Catherine Galkina for Typeable

Posted on Aug 20, 2021 • Edited on Sep 20, 2021 • Originally published at blog.typeable.io

The 7 assumptions about strings you probably have

#unicode #ascii #programming #security

Author: Ville Tirronen

How Unicode erases most of our assumptions on How Strings Actually Work

We programmers mostly fly by the seat of our pants when it comes to writing simple stuff. For simple things, we have a strong set of assumptions instead of specific knowledge of how things work. These are assumptions, such as knowing that if b = a + 1, then b is greater than a or that if we malloc some buffer, we now have the requested amount of memory we can write on. We don't go and look at the specifications for each and everything small thing we do.

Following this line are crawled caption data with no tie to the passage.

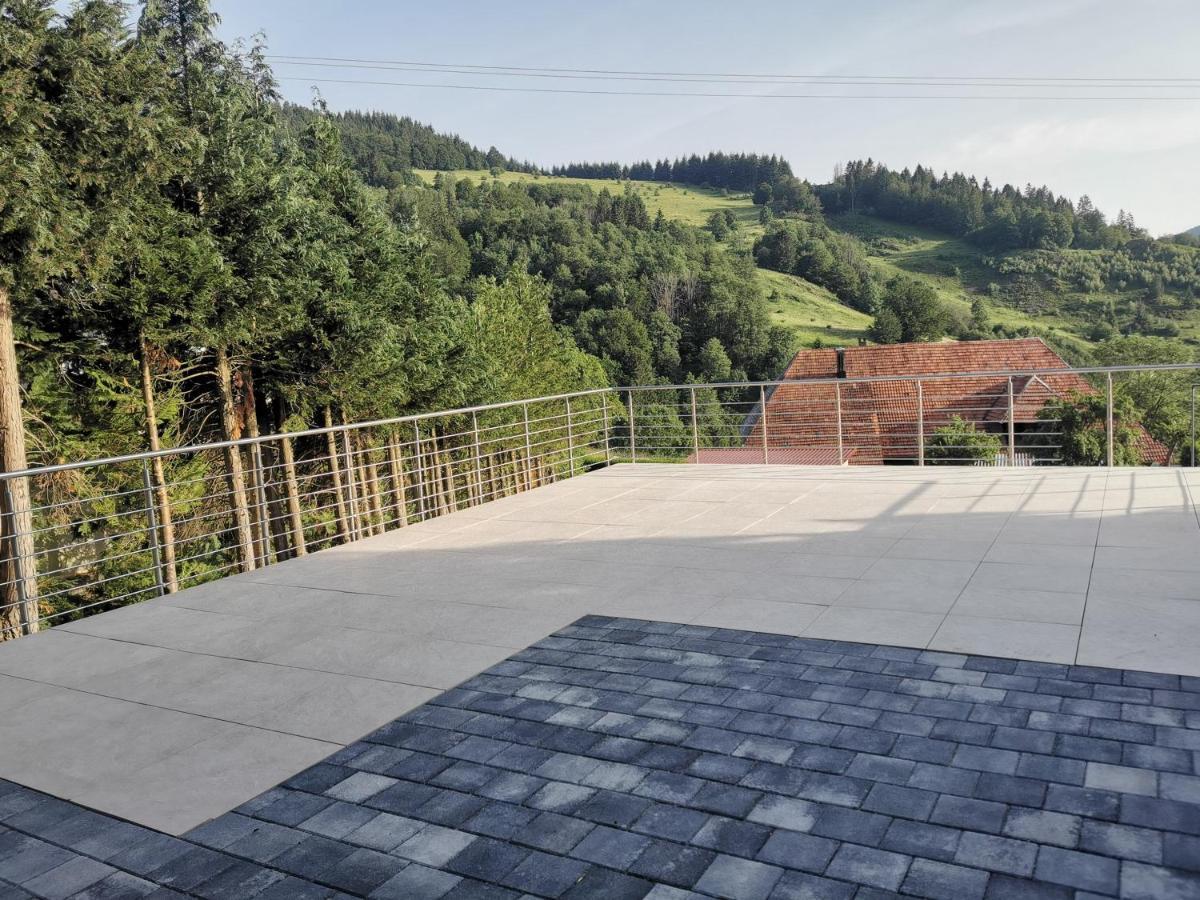 Ferienwohnung Talblick Schönau im Schwarzwald 外观 照片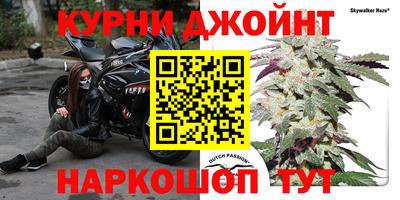 сатива Обнинск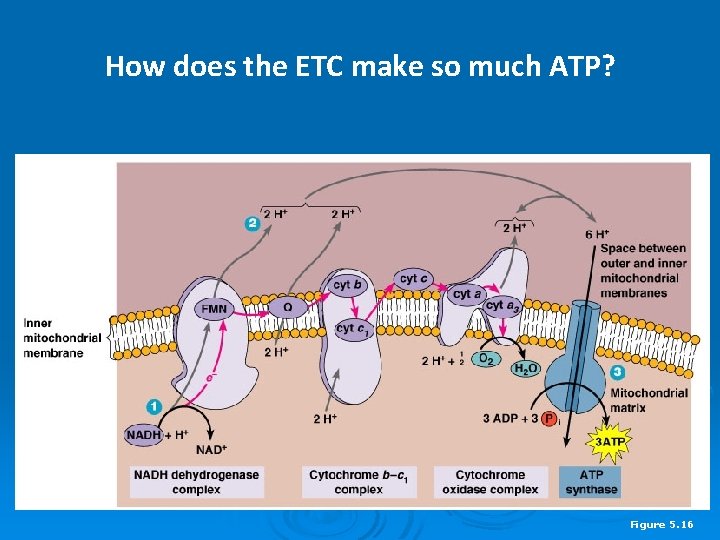 How does the ETC make so much ATP? Figure 5. 16 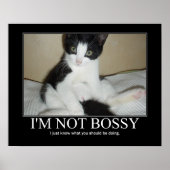 Ik ben geen Bossy Cat Artwork Poster (Voorkant)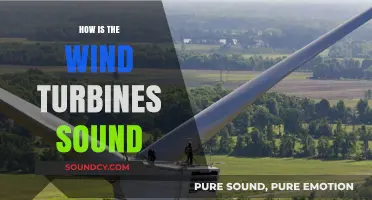Exploring the Unique Sounds of Wind Turbines: What to Expect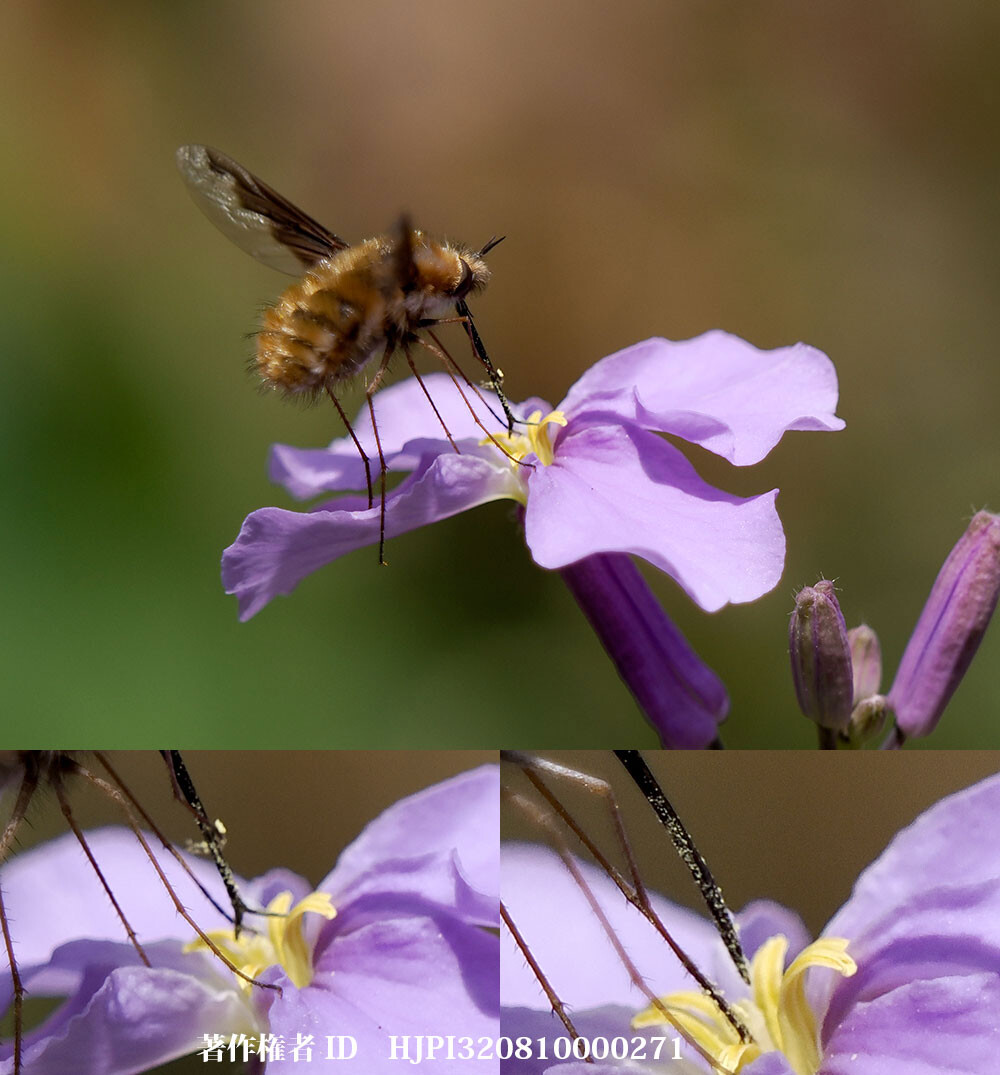 ビロードツリアブの口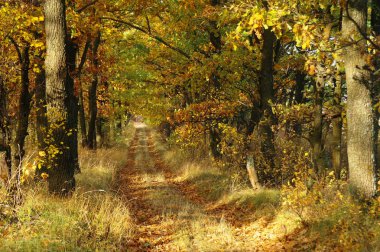 Sonbahar ormanda güneş ışığı. Sonbahar manzara.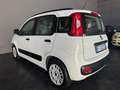 Fiat Panda 1.2 Lounge 69cv ADATTA A NEOPATENTATI - thumbnail 5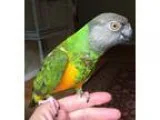 Adopt Bopper a Gray Poicephalus (including Senegal and Meyer s) 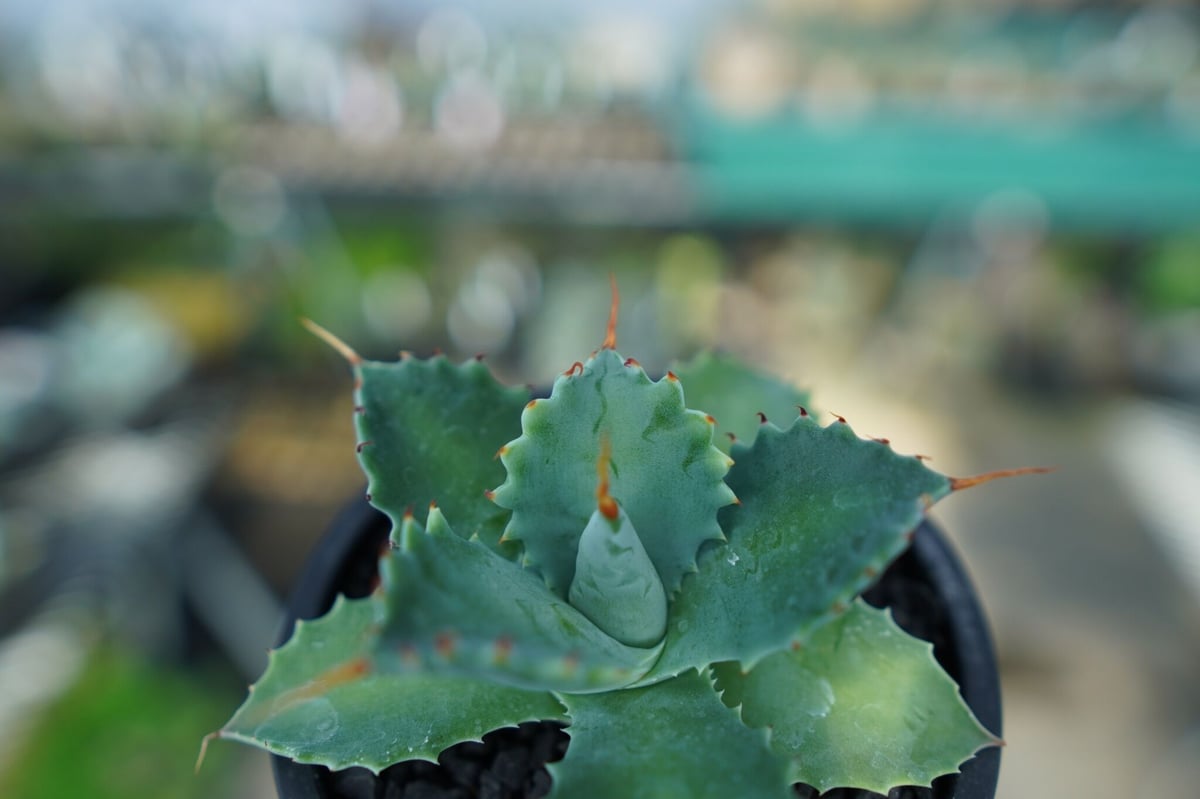 アガベ イシスメンシス Agave Isthmensis No.2 | mana's farm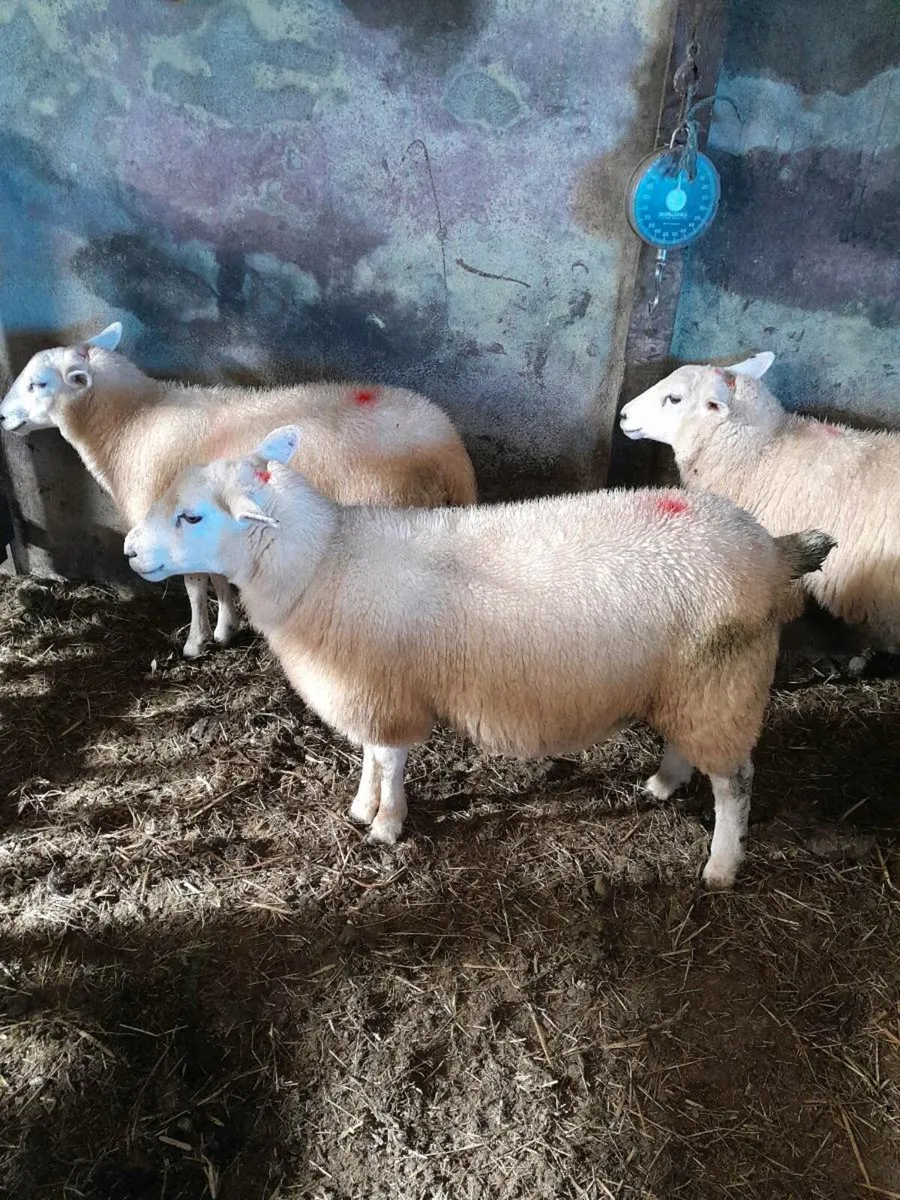 Lleyn ewe lambs - Image 1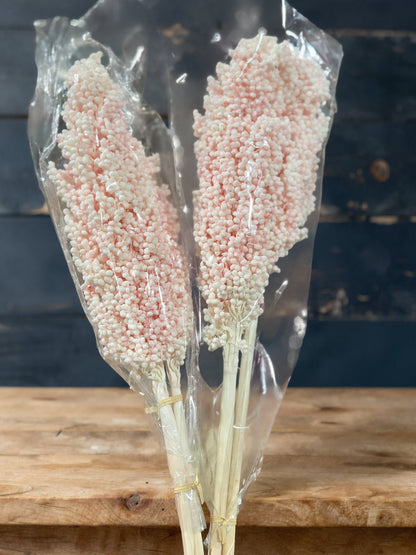 Sorghum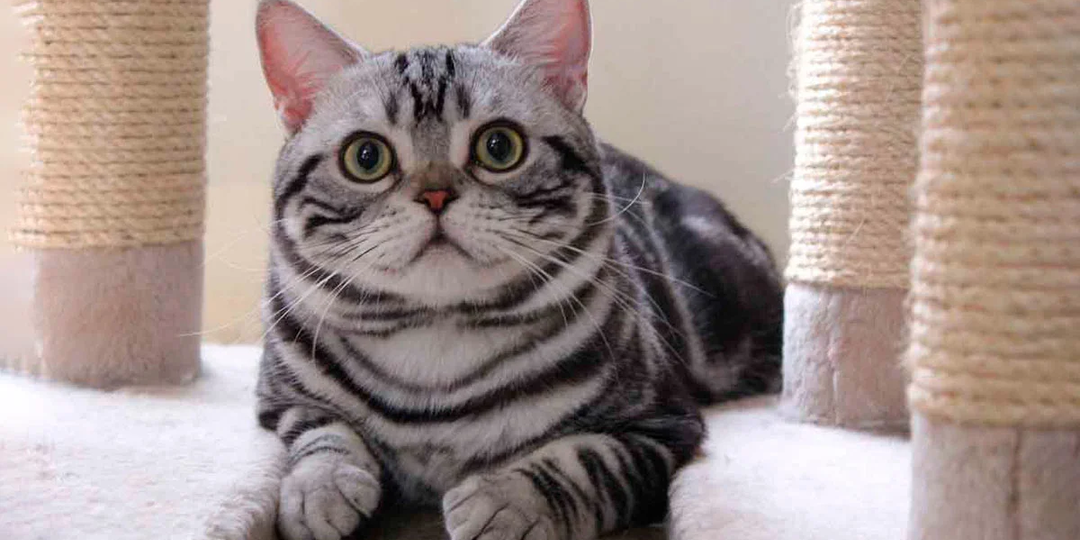 😻Экстравагантные американские короткошёрстные коты — красивейшие создания!
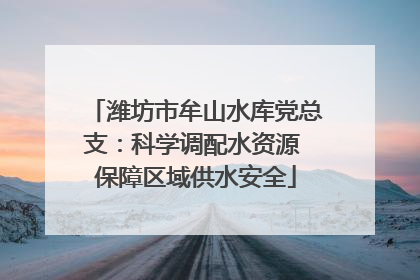 潍坊市牟山水库党总支：科学调配水资源 保障区域供水安全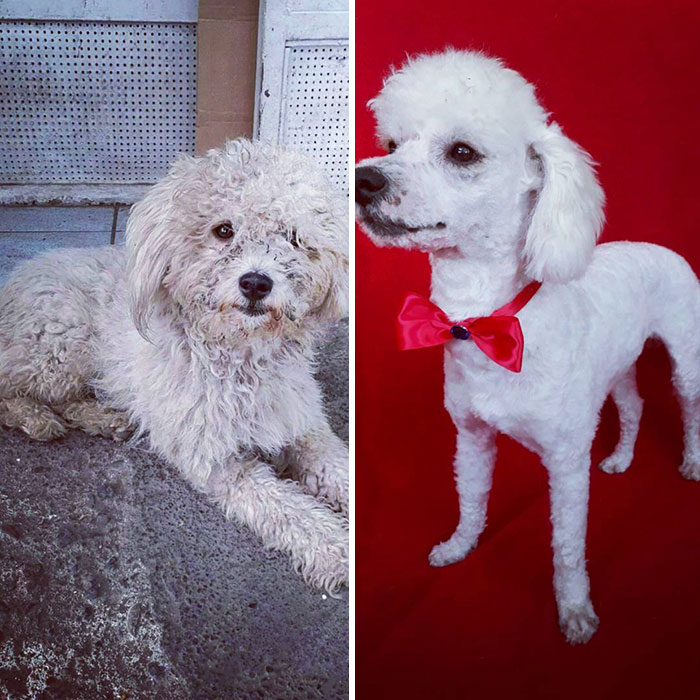 See 30 Before And After Dogs Rescued From The Streets By A Chilean Man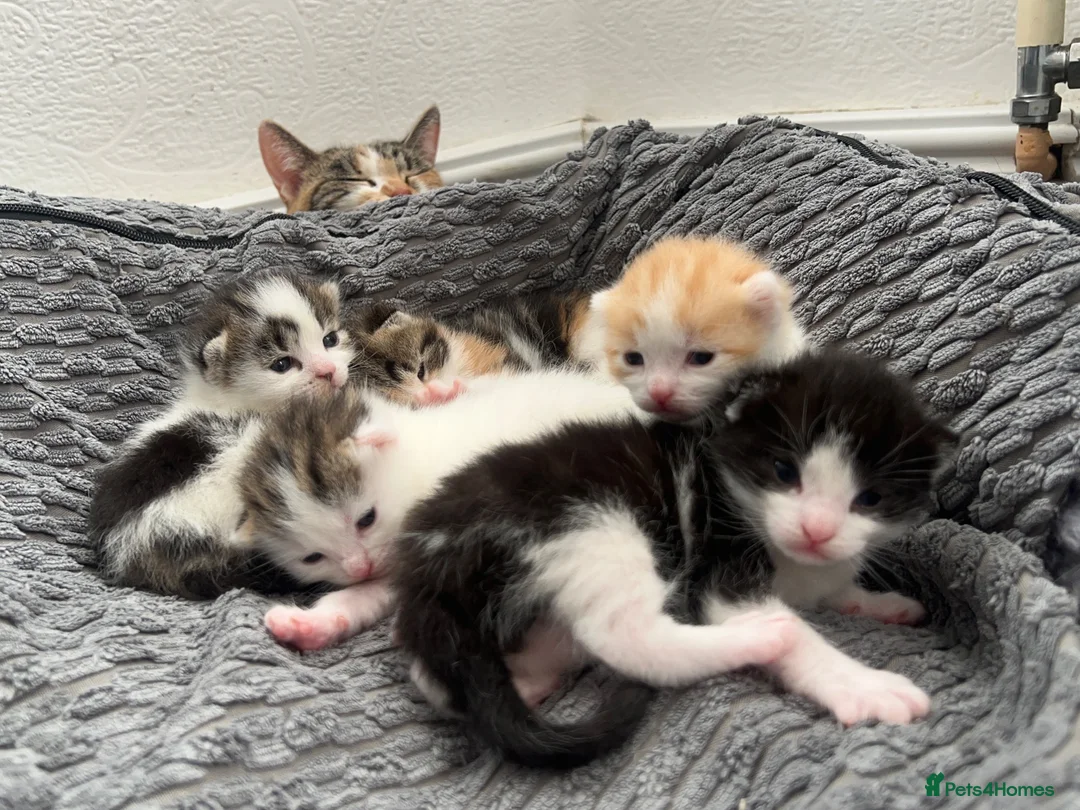 Mixed Breed cats for sale: 5 beautiful kittens looking for a forever home❤️ - Advert 2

We do this because checking everything would slow us down. But, if we did check, we'd find out that we're usually wrong in our assumptions. There are numeric overflows and then a + 1 might be a lot less than a. Sometimes malloc will give us a null instead of a buffer and were hosed.

We usually have to be bitten by these issues before we update our assumptions even a little bit. And even then, we usually correct them in broad strokes. After having a nasty overflow bug, we might correct our assumptions on integers to "a + 1 is greater than a unless there's a chance that a is a very big number". And we work based on that instead of having any precise rules how overflows work in our minds.

Adjusted assumptions are called experience. They make you faster and correct more often. However, we might relocate some stuff, like proper handling of malloc, entirely from our internal category of 'easy stuff' to our internal category of 'complex stuff'. And then we might actually go and look up how it works.

About Strings

For beginners, Strings are the archetypal example of 'easy stuff'. Most likely, we learned letters and numbers as children and they feel very familiar to us. Secondly, when learning to program most of us have done lot's of programming exercises using Strings, because they are about the only interesting pre-built data type in most languages. We feel quite confident how Strings work when programming with them. Thirdly, we might have a good number of assumptions related to functioning of some simple character set, like ASCII or ISO-8859-1. Either because we're that old, or because our teachers were that old. Those were character sets of the simpler times!

Origin:https://upload.wikimedia.org/wikipedia/commons/thumb/5/5b/UNIVAC_1050-II.jpg/1280px-UNIVAC_1050-II.jpg

Now, in the real, Strings are a very complicated thing. Contrast them to, for example, your usual, found in any language, Int. We know and understand the representation (64 bits, two's complement) (or we can spend 15 minutes in Wikipedia to learn it) and we understand its semantics (behaves like a number, except if too large or too small). For Strings, we used to know the representation (one byte per character, check the ASCII table for what character it is), but we almost never know the semantics. Our String could contain our customers name. It could contain a number, bit of JSON or even an SQL statement.

Strings are the ultimate Any-type and chances are that if there is no ready made representation for some item in a program, it will be stored and operated as a String. Regardless of whether you have dynamic or static types, this throws all type safety to the wind. And, to compound, many of the things we use Strings for are bloody dangerous, like SQL or HTML. And for that reason, SQL injections and cross site scripting lead the vulnerability top lists year after year.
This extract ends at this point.